Use of prasugrel vs clopidogrel and outcomes in patients with and without diabetes mellitus presenting with acute coronary syndrome undergoing percutaneous coronary intervention
Faggioni M, Baber U, Chandrasekhar J, et al. Use of prasugrel vs clopidogrel and outcomes in patients with and without diabetes mellitus presenting with acute coronary syndrome undergoing percutaneous coronary intervention. Int J Cardiol. 2019;275:31-35. doi: 10.1016/j.ijcard.2018.10.071.
BACKGROUND: Clinical trial data studies suggest superiority of prasugrel over clopidogrel in patients with diabetes.

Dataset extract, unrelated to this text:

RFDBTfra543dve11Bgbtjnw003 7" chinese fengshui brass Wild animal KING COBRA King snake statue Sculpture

However, the use, safety and efficacy profile of prasugrel in unselected diabetic patients presenting with acute coronary syndromes (ACS) remain unclear.
METHODS: PROMETHEUS was a prospective multicenter observational study of 19,919 ACS PCI patients enrolled between 2010 and 2013. The primary endpoint was 90-day major adverse cardiovascular events (MACE), comprising all-cause death, myocardial infarction, stroke or unplanned revascularization. The safety endpoint was bleeding requiring hospitalization.

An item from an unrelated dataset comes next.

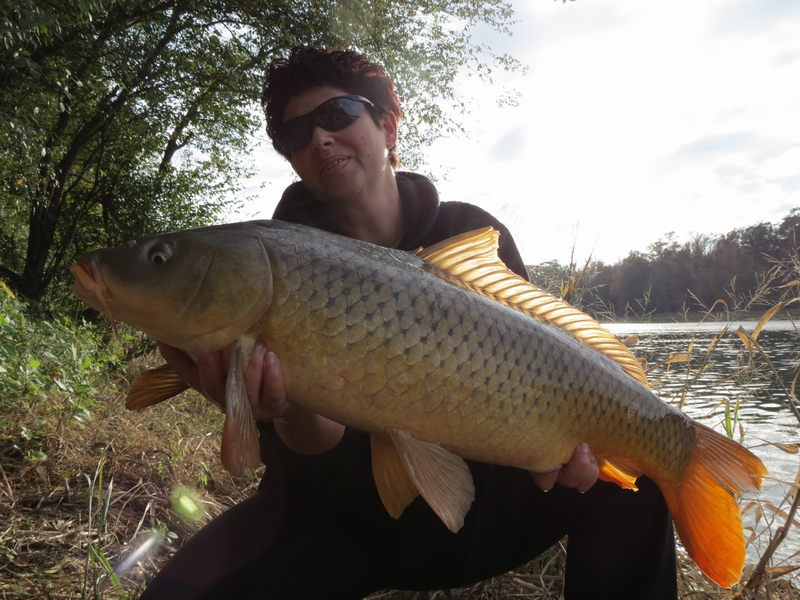 Carps Freedom Team se nevzdává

RESULTS: We identified 7580 (38%) subjects with and 12,329 (62%) without diabetes. Diabetic patients were older and had significantly higher rates of cardiovascular risk factors. However, they were less likely to receive prasugrel (18.2% vs. 21.7%). Use of prasugrel did not increase with the severity of clinical presentation in diabetics, whereas, among non-diabetics, prescription of prasugrel was higher in NSTEMI and STEMI compared to unstable angina. The 90-day and 1-year adjusted risk of MACE was greater in diabetics (at 1 year: 22.7% vs. 16.5%; HR 1.22 [1.14-1.33], p < 0.001). At 1 year, the risk of bleeding was also higher in diabetics (4.9% vs. 4.1%, HR 1.19 [1.01-1.39], p = 0.035). After multivariable adjustment, use of prasugrel was associated with a lower risk of death in diabetic patients both at 90 days and 1 year.
CONCLUSIONS: Use of prasugrel in diabetic patients with PCI-treated ACS was lower than in non-diabetics despite their high-risk profile and the severity of their clinical presentation. In diabetics, prasugrel was associated with a lower adjusted risk of 90-day death compared with clopidogrel.